Comparer les chardonnays à Chardonnay



Les dégustations de vins issus du cépage chardonnay ne sont pas oubliées. Pour être totalement indépendant, Emmanuel achète les cuvées – provenant de vignerons, de coopératives et de négociants – en local, dans toute la France et du reste du monde (Australie, Californie…) pour permettre à ses clients de comparer. Mais pas question de déguster n’importe où. Son circuit permet de découvrir entre 3 et 5 vins issus du village, avec apéritif sur demande, sur le terroir même où ils sont produits. Il emmène ainsi ses 300 visiteurs annuels – à pied ou à 4x4 selon - dans le village et les vignes alentours pour des lectures de paysages et des histoires complémentaires sur le patrimoine bâti.

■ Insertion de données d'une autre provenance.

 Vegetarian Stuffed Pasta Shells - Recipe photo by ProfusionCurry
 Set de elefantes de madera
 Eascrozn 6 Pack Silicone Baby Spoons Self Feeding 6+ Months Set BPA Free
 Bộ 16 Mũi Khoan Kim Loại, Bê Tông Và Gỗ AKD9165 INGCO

Arrivé en haut du village, il décrit le paysage qui s’étend jusqu’aux Alpes, en passant par le fossé bressan. « Nous sommes sur la 2e chaine du Mâconnais avant le val de Saône ». Un tiers de la surface de la commune est couverte en vignes. Il décrit alors les lieux-dits, les clos et leurs histoires relatives à cet océan de vignes. Il tend ensuite aux visiteurs un cahier avec des illustrations et leur demande de reconnaître le cépage. Un rudiment d’ampélographie pour reconnaître la grappe caractéristique et la forme de sa feuille (5 lobes, sinus ouvert, nervures le délimitant…). Un peu à la manière d’un Jules Guyot – l’agronome qui donna son nom à la fameuse taille – qui écrivit en 1860, sa découverte du « chardonet dans le village de Chardonnay ».

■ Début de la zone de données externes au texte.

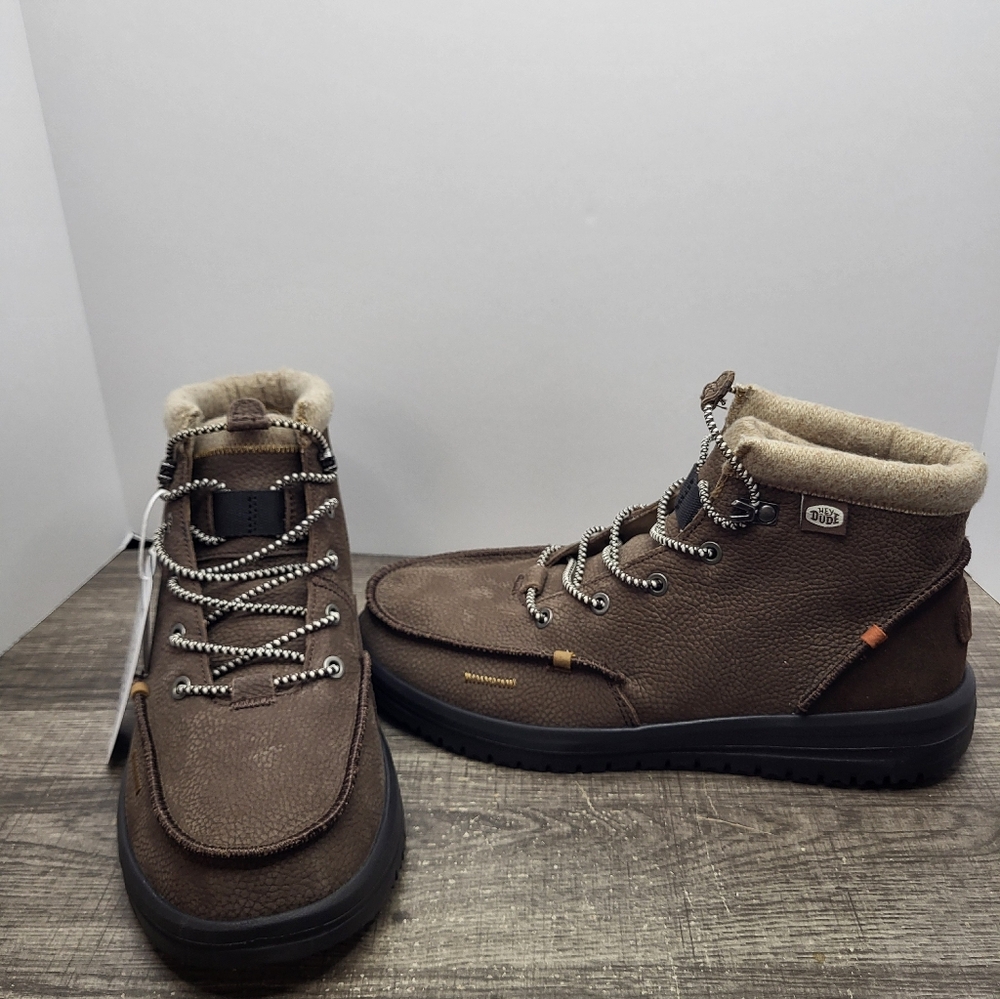 Hey Dude Bradley Brown Leather Ankle Lace Up Boots Mens Size 12 New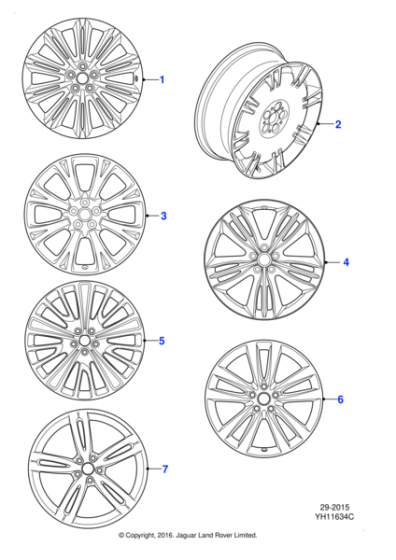 C2D53112 - Jaguar Alloy road wheel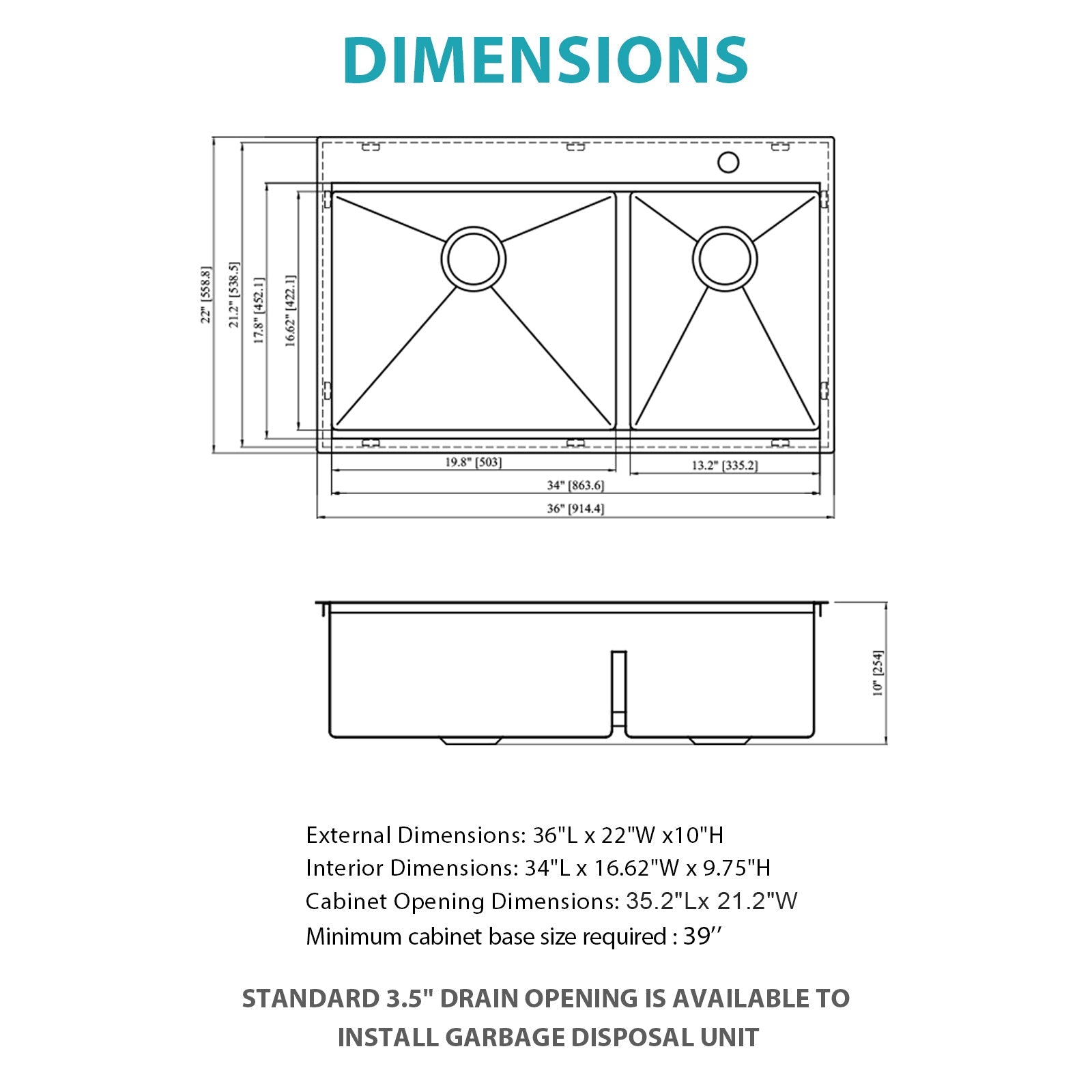 Topmount Drop In Kitchen Sink - 36"x 22" Double Bowl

Il fait également comprendre les origines du cépage en s’arrêtant sur une parcelle plantée en pinot noir « de Chardonnay », qui, croisé avec le cépage gouais, a donné le chardonnay. « Tout est documenté. Le but ultime étant qu’à l’issu, les visiteurs aient compris les relations entre un cépage, un village et ses vins »

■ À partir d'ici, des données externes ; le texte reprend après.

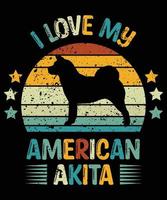 Sonnenuntergang-Silhouettegeschenke des lustigen Amerikaners Akita Vintager retro wesentlicher T - Shirt des Hundeliebhaber-Hundeinhabers vektor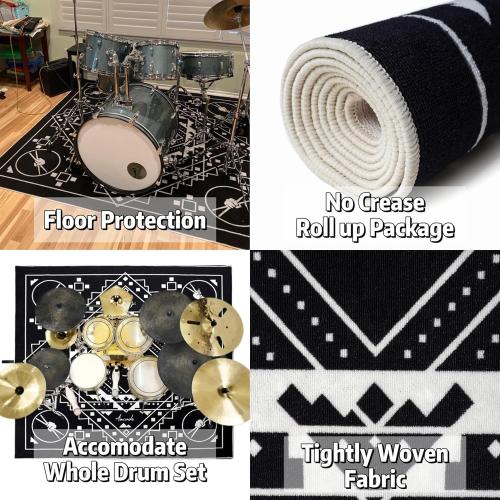 Aucuda Southwest Drum Rug 6x6.6ft Large Drum Mat Outdoor, Tightly Woven Fabric Cool Drum Set Carpet with Non-Slip Grip Bottom, Electric Drum Accessories Studio, Apartment, Soundproof, No Crease.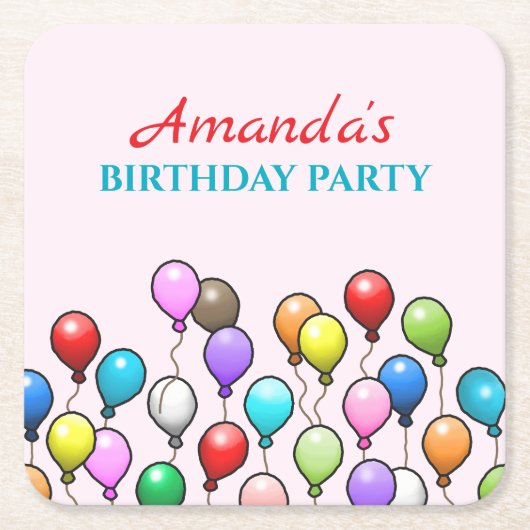 Birthday Balloons Rechteckiger Pappuntersetzer (Vorderseite)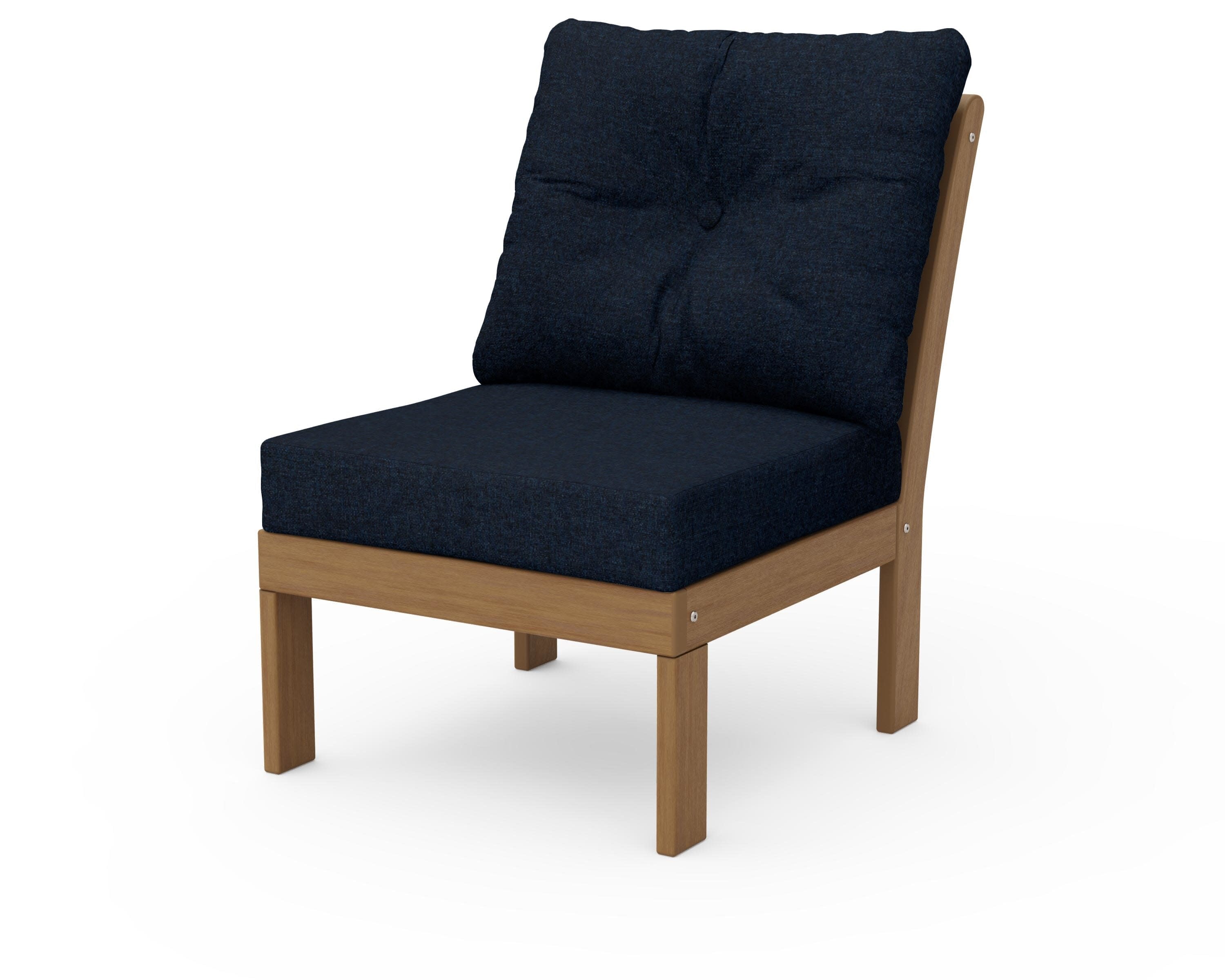 Vineyard Modular Armless Chair in Natural / Marine Indigo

Transversalité des savoirs



« Il faut bien maîtriser le terrain pour le restituer de la façon la plus simple possible. Je maîtrise par exemple les processus de vinification et je sais expliquer ce que "cuver un vin" veut dire ». Sa transversalité se matérialise par son impressionnante bibliothèque, remplie de livres : architecture, histoire de l’art, religions, philosophie, histoire générale, sur le vignoble de Bourgogne, de France et du monde entier… Ce passionné érudit poursuit en parallèle son Master 2 à l’Université Lyon II : « très sensible » à la biodiversité et à la conservation des paysages.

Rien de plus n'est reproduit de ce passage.